Trap met face à face deux figures légendaires de notre temps : la rock star et le serial killer [on dirait que j’essaie de caser dans cette critique le plus d’anglicismes possibles]. On découvre bien vite – et on l’aura déjà découvert en regardant la bande-annonce – que l’affable Cooper, le si parfait père de famille, le si sympathique pompier toujours prêt à rendre service à son prochain, est en fait le tueur en série que la police recherche. L’action se déroule quasiment en temps réel. Elle a pour cadre le stade de Philadelphie où se déroule le concert de Lady Craven, un rôle interprété par la propre fille de M. Night Shyamalan qui poursuit une carrière de chanteuse solo.

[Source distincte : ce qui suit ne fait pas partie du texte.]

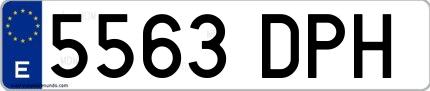 Ejemplo de matrícula española 5563 DPH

Josh Hartnett, qu’on avait connu au tournant des années 2000, à peine sorti de l’adolescence, dans des personnages de jeunes bellâtres  (Virgin Suicides, Pearl Harbor, la Chute du Faucon noir), endosse avec un plaisir communicatif un rôle schizophrène. Il est en même temps un meurtrier machiavélique qui mobilise toute son intelligence pour se sortir du piège que lui a tendu la police et un père de famille enamouré, ravi de faire plaisir à sa fille et inquiet qu’elle découvre sa face cachée.

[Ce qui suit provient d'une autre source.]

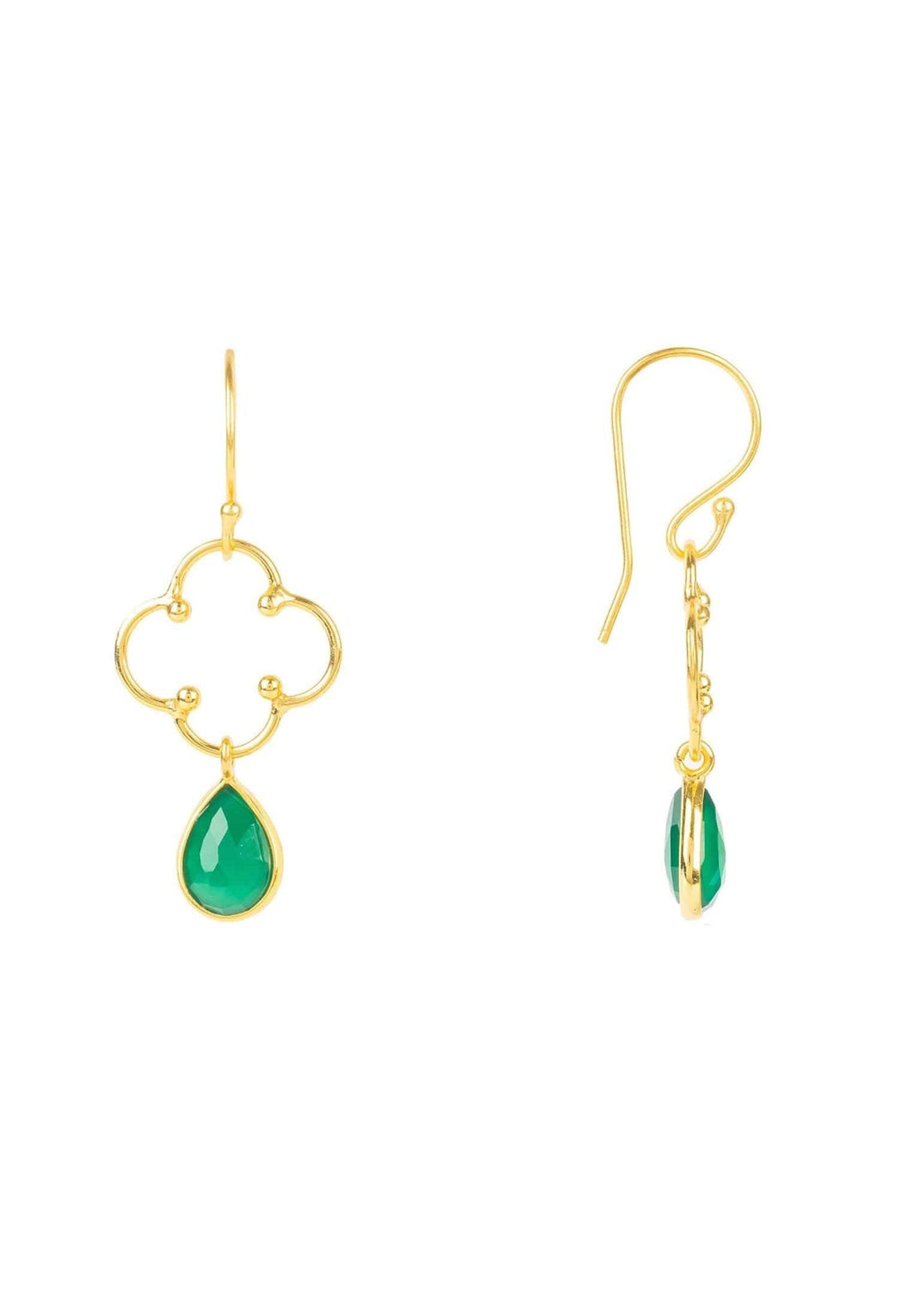 Open Clover Gemstone Drop Earrings Gold Green Onyx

Cette ambiguïté est intéressante. Le film est construit sur elle, quelque part entre thriller asphyxiant et comédie familiale gentillette. Mais hélas, le pari n’est pas tenu. La recette ne marche pas. La faute peut-être à une erreur de scénario qui, dans son dernier tiers, quitte le stade où il aurait dû rester pour respecter l’unité de lieu. La faute surtout à un dénouement qui ne nous donne pas la scène qu’on attendait : la confrontation du père et de sa fille, négatif chimiquement pur d’Incassable qui, on s’en souvient, mettait en scène un agent de sécurité de Philadelphie découvrant, sous les yeux admiratifs de son fils, ses dons de super-héros.